Duff v. Riggs

Mr. Justice McBride

delivered the opinion of the court.

1. The release is general in its nature and covers all claims for damages arising out of the injury, and not only contemplated the payment of such expenses as had already been incurred, but all future expenses which might be incurred up to the time he should be discharged from the hospital. There is no allegation of fraud or mistake in the execution of the instrument, and, when plaintiff filed his reply, he must, in the very nature of things, have known that he had executed the release and been aware of its contents. The case at bar differs from the case of Bliss v. New York Cent, etc. R. R. Co., 160 Mass. 447 (36 N. E. 65, 39 Am. St. Rep. 504), in this: In that case there was testimony tending to show that plaintiff had received a serious shock in a railway accident, from which he was dazed and rattled in his mind, and that while he was in this condition, with the marks of the injury visible upon his person, about an hour and a half after the accident, and in the office of the defendant’s superintendent, the defendant’s agent prepared two papers for him to sign, telling him that one paper was a receipt for money that was then paid him for injury to his clothing, and that the other was merely a form; and that he signed both papers without reading them or knowing their contents. In that case the court said:

“It is plain that the plaintiff’s release and receipt do not in themselves stand in the way of his maintaining the action. * * They must now be assumed to have been obtained from him by fraud.”

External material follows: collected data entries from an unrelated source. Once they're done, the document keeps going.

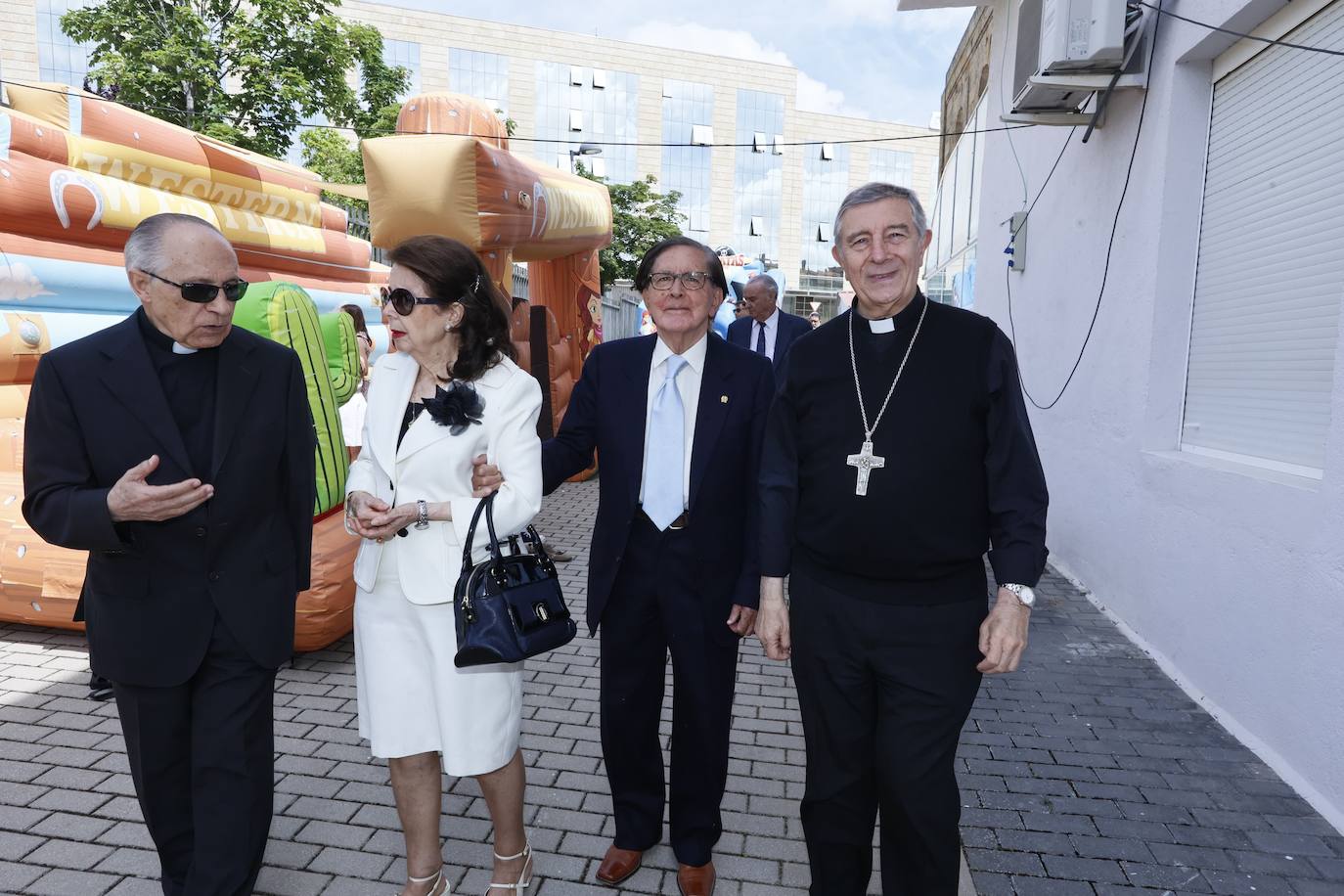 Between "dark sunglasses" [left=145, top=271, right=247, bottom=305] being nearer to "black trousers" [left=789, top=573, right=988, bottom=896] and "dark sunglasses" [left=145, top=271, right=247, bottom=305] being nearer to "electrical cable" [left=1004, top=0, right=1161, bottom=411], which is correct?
"black trousers" [left=789, top=573, right=988, bottom=896]

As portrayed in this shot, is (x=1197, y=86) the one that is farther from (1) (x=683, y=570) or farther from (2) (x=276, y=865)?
(2) (x=276, y=865)

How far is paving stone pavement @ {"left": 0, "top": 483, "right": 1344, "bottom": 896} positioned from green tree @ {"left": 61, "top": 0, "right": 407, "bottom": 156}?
1382cm

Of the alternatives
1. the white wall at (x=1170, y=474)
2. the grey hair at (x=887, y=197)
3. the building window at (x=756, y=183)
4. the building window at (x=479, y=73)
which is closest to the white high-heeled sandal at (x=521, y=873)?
the grey hair at (x=887, y=197)

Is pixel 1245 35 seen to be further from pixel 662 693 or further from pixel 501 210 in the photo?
pixel 501 210

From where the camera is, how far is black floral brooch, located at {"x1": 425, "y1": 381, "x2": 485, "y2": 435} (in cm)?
224

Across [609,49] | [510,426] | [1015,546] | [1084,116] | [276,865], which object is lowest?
[276,865]

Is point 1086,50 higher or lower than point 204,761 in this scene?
higher

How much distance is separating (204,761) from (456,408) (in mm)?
1143

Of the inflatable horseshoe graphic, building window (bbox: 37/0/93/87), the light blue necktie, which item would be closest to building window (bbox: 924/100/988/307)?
the inflatable horseshoe graphic

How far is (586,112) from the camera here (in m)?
53.9

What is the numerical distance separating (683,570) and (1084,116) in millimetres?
4805

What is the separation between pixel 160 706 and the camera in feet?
7.30

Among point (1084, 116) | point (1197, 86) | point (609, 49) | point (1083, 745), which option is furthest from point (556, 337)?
point (609, 49)

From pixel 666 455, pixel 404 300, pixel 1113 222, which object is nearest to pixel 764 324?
pixel 1113 222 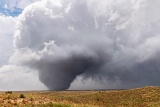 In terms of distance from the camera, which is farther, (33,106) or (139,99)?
(139,99)

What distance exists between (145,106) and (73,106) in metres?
22.5

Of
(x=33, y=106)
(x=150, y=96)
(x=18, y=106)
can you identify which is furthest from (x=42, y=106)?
(x=150, y=96)

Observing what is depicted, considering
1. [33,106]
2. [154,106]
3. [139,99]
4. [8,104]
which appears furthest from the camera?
[139,99]

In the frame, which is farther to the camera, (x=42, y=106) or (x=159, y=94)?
(x=159, y=94)

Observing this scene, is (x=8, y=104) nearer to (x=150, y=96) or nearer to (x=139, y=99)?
(x=139, y=99)

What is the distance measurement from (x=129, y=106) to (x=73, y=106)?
20782 mm

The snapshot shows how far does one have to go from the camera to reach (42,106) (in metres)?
37.3

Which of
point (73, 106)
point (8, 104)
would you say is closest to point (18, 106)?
point (8, 104)

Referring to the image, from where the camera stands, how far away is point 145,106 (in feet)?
182

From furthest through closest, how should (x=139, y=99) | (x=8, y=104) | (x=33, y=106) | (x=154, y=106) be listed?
(x=139, y=99) < (x=154, y=106) < (x=8, y=104) < (x=33, y=106)

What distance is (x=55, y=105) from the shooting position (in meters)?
38.6

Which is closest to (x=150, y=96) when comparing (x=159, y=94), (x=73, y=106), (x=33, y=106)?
(x=159, y=94)

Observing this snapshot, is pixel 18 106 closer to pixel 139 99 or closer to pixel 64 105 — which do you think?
pixel 64 105

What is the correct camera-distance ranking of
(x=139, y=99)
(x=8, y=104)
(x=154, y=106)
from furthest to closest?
(x=139, y=99), (x=154, y=106), (x=8, y=104) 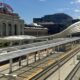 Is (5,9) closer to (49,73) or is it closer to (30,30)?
(30,30)

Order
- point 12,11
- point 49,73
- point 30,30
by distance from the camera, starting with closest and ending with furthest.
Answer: point 49,73 < point 12,11 < point 30,30

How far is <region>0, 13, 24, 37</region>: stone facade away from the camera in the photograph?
90412mm

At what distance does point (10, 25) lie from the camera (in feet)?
321

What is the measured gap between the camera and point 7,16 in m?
93.4

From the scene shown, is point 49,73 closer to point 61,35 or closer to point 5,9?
point 5,9

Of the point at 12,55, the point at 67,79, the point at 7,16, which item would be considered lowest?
the point at 67,79

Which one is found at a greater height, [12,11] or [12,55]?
[12,11]

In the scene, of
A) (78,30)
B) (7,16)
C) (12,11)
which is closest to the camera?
(7,16)

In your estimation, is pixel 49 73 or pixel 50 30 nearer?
pixel 49 73

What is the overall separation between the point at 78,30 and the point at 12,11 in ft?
208

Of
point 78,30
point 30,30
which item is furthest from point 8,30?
point 78,30

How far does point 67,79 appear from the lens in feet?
68.9

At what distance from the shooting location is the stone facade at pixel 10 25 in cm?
9041

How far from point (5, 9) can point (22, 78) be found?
265ft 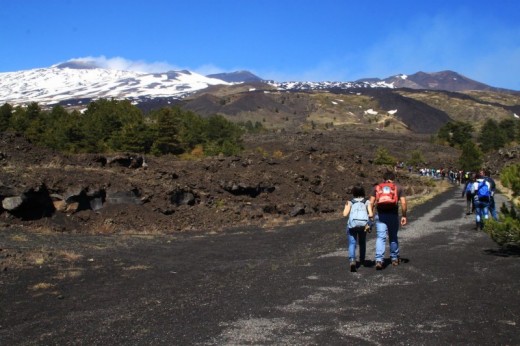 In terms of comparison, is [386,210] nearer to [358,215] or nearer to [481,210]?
[358,215]

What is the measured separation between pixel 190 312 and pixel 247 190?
70.8 ft

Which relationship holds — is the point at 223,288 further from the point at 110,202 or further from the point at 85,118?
the point at 85,118

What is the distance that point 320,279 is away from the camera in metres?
9.62

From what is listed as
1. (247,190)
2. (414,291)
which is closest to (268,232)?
(247,190)

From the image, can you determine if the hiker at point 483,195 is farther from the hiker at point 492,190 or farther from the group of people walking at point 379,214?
the group of people walking at point 379,214

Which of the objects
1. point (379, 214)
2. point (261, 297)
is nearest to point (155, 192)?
point (379, 214)

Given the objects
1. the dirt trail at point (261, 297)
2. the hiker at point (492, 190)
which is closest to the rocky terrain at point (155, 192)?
the dirt trail at point (261, 297)

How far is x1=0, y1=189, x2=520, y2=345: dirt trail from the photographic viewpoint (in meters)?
6.39

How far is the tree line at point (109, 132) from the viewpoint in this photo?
56.1 metres

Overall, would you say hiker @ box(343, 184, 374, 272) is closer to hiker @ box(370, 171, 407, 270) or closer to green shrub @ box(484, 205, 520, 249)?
hiker @ box(370, 171, 407, 270)

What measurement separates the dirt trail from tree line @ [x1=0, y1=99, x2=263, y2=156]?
42.5m

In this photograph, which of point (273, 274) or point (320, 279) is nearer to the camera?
point (320, 279)

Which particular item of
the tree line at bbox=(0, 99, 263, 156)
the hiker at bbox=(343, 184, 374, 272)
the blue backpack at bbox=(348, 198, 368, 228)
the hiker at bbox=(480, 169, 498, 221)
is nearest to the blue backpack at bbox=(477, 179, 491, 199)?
the hiker at bbox=(480, 169, 498, 221)

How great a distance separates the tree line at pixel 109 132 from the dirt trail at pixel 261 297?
4247 centimetres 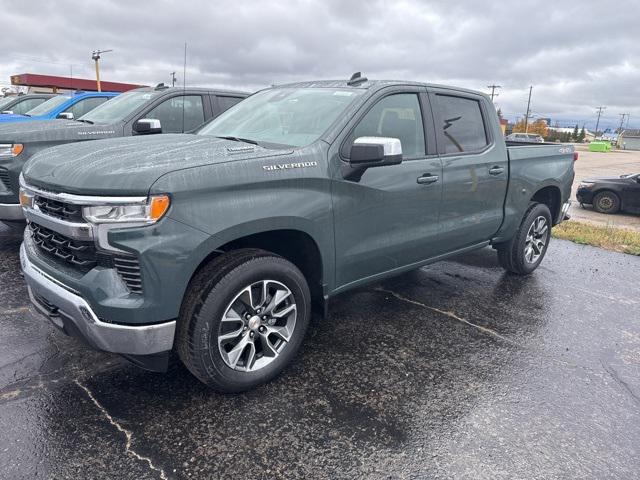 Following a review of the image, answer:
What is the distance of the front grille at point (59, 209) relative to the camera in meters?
2.51

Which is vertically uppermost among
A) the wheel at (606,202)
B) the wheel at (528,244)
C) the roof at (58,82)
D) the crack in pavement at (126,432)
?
the roof at (58,82)

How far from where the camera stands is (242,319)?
2.85 m

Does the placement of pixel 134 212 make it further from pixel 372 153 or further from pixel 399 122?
pixel 399 122

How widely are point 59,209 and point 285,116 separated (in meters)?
1.71

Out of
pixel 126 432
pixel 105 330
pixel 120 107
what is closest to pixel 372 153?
pixel 105 330

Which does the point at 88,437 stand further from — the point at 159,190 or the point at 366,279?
the point at 366,279

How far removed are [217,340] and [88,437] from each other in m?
0.80

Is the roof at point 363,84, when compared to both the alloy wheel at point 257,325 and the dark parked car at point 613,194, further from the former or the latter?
the dark parked car at point 613,194

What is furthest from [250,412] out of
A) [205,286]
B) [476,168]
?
[476,168]

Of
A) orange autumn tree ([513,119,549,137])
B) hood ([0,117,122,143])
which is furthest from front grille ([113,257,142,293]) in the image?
orange autumn tree ([513,119,549,137])

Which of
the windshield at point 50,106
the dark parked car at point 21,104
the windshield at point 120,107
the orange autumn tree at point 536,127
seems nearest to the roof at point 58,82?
the dark parked car at point 21,104

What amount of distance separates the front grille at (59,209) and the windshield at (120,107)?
3918mm

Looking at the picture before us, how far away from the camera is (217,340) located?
2.71 meters

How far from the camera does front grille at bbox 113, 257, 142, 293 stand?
240 centimetres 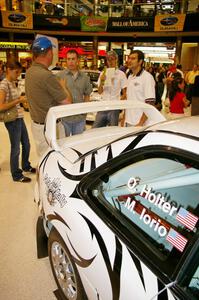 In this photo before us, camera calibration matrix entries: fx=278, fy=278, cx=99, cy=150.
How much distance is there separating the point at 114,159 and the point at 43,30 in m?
16.3

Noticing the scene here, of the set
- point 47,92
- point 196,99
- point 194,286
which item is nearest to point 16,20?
point 196,99

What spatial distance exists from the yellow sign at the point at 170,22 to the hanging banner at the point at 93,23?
9.28ft

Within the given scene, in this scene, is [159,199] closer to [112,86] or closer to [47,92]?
[47,92]

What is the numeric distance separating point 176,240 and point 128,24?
15881 millimetres

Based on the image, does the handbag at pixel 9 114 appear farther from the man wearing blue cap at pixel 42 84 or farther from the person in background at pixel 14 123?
the man wearing blue cap at pixel 42 84

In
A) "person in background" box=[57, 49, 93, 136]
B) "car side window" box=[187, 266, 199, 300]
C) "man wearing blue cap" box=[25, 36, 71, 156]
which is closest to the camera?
"car side window" box=[187, 266, 199, 300]

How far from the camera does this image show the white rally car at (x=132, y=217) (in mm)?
989

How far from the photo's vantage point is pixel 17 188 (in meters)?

Here the evidence discloses no fraud attempted oi practiced. The release as first prepared was examined by him, and he objected to some of its terms, which were changed at the instance of an attorney *213selected either by himself or his daughters, who were assisting to care for him, and after his daughter had explained it to him he signed it. Defendant testifies that he was present when the paper was signed and talked with plaintiff for half an hour, and that he was perfectly rational and his mind clear; and neither the plaintiff nor his daughter contradicted this testimony. The testimony is overwhelming that the release was fairly made, and the defendant has complied with all its terms, paying out $2,018 for nurses, surgical attendance and medicines. The fact that the results of the accident turned out more serious than defendant might have anticipated does not alter the legal condition in the least. Everybody knew that plaintiff’s condition was serious; in fact, he himself was of the opinion at first that he was not likely to survive his injuries. The testimony relating to the accident discloses a state, of facts upon which a jury might have found in his favor in a large sum, or, in view of the evidence as to his contributory negligence, they might have found for the defendant, and left him a cripple, with $2,018 of bills for himself or his family to pay. In the absence of the slightest evidence of fraud or undue advantage, we should not, in any event, he justified in reversing this judgment. The rulings of the lower court seem to have been eminently fair and very favorable to the plaintiff. Every fact went to the jury, and it returned a unanimous verdict for the defendant.

2. Even if there should be some slight error in the instructions, we should he fully justified, and it would be our duty to say that the defense of a release had been so thoroughly made out that the verdict and judgment were such as should have been rendered and affirm the judgment in accordance with Section 3, Article VII, of our amended Constitution. Being thor*214oughly satisfied upon this branch of the case, the other matters presented become mere moot questions, which it is unnecessary to consider.

The judgment is affirmed. Affirmed.

Mr. Chief Justice Moore, Mr. Justice Burnett and Mr. Justice Benson concur.